Question 2 Multiple Choice
Rice's theorem states that no non-trivial semantic property of programs is decidable. The proof via the recursion theorem proceeds by:
AAssuming the property P is decidable, constructing a computable function f that maps programs satisfying P to programs not satisfying P and vice versa, then deriving a fixed point of f — a contradiction
BReducing every program property to the halting problem and showing the halting problem is undecidable
CUsing the s-m-n theorem to enumerate all programs with property P and showing the enumeration diverges
DProving that the complement of any decidable property is also decidable, which leads to a contradiction with known results
If P were decidable, we could build a computable function f: given any program index e, check if φ_e has property P; if yes, output the index of a program without P; if no, output the index of a program with P. By the recursion theorem, f has a fixed point e* where φ_{e*} = φ_{f(e*)}. But f(e*) disagrees with e* on whether P holds — a contradiction. The recursion theorem's guarantee of fixed points thus makes any 'flip the property' function impossible, ruling out decidability.
Question 3 True / False
Because of the Kleene recursion theorem, every computable transformation of program indices has at least one fixed point — a program that behaves identically before and after the transformation is applied.
TTrue
FFalse
Answer: True
This is precisely what the recursion theorem states: for any total computable function f (mapping indices to indices), there exists an index e such that φ_e = φ_{f(e)}. The program at index e 'behaves the same' as the program at index f(e), even though they may have different indices (different code). This is why no computable transformation can be designed to always change the behavior of programs — the fixed point is inescapable.
Question 4 True / False
The Kleene recursion theorem implies that self-referential programs — programs that reason about their own code — are paradoxical and can seldom be defined within standard computational models.
TTrue
FFalse
Answer: False
The theorem implies exactly the opposite: self-reference is not paradoxical but is an inescapable, well-defined feature of any sufficiently powerful computational system. Quines, programs that inspect their own indices, and programs that simulate themselves are all constructively guaranteed to exist. Far from being paradoxical, self-reference is the engine behind major results in computability — including the undecidability of the halting problem and Rice's theorem — all of which work precisely because programs can legitimately refer to themselves.
Question 5 Short Answer
Explain, in your own words, why a quine (a program that outputs its own source code) is guaranteed to exist by the Kleene recursion theorem. What role does the fixed point play?

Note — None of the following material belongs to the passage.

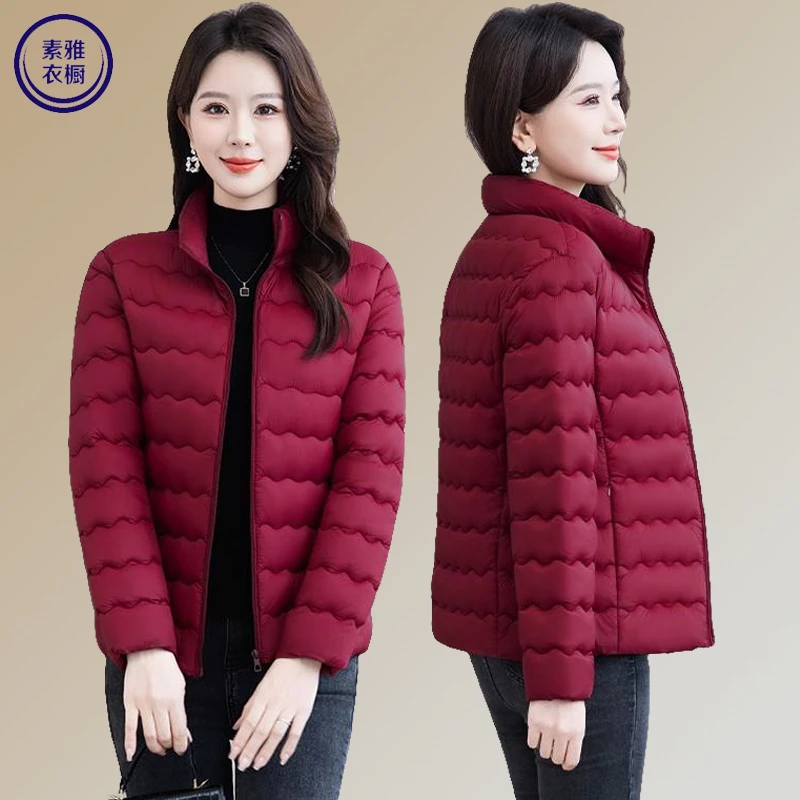 中年妈妈棉服女时尚新款冬季外套中老年人女款保暖小棉衣轻薄棉袄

Think about your answer, then reveal below.
Model answer: Define a computable function f where f(e) is the index of a program that, when run, prints the source code of the program at index e. The recursion theorem guarantees that f has a fixed point: an index e* such that φ_{e*} = φ_{f(e*)}. This means the program at e* behaves the same as the program that 'prints source of e*' — in other words, the program at e* prints its own source. The fixed point is the quine: it is not hardcoded, it is constructed via s-m-n by building a program that first obtains its own index, applies f, and simulates the result.
The key insight is that obtaining one's own index is possible through s-m-n machinery — programs can compute their own Gödel numbers. Once a program has its own index, it can use f to find the index of its 'print me' version, then simulate it. The recursion theorem packages this self-referential construction cleanly: fixed points of computable functions always exist, so any computable operation on programs always has a program that is 'immune' to that operation in the sense of being its own fixed point.